Reality killed the electric car, taxpayers forced to resurrect it

In his latest piece, Wall Street Journal business columnist Holman Jenkins argues that today’s electric cars are “welfare wagons”–overpriced, underperforming novelty items that the rest of us will be subsidizing for upwards of $7,500 apiece. Of Nissan’s much-touted Leaf, he writes:

the Leaf is a car for a wealthy hobbyist, good for a trip of 100 miles after which it becomes an inert lump at the end of your driveway (or behind a tow truck) for the many hours it will take to recharge.

Read the whole thing.

For those inclined to believe that today’s electric cars are just going through the growing pains of any new technology, consider what a wise man told Henry Ford over 100 years ago, when electric cars were also considered the wave of the future.

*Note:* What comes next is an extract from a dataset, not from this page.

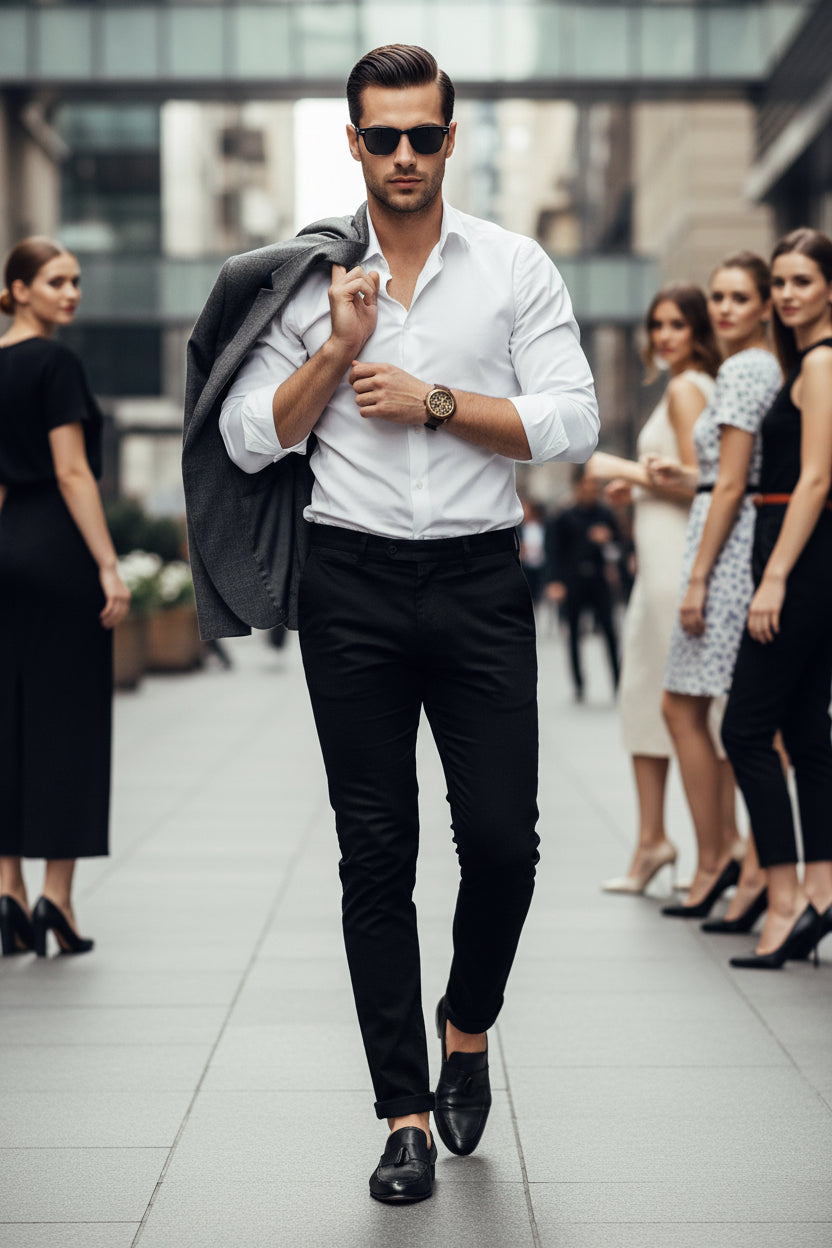 Brown wooden bracelet with gold mechanical details and visible gears, modern and stylish design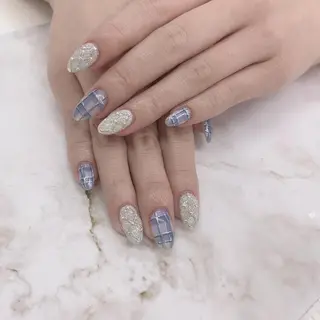 ネイル 🦋ネイルサロン ブラン🌈ゆりのネイルデザイン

Electric cars must keep near to power stations. The storage battery is too heavy…Your [gasoline] car is self-contained—carries its own power plant—no fire, no boiler, no smoke and no steam. You have the thing. Keep at it.

The wise man’s name? Thomas Edison.

Of course, we can’t and shouldn’t rule out the possibility that some brilliant company will overcome all the obstacles to practical electric cars–but that company must prove itself on the free market, not gorge itself on other people’s money.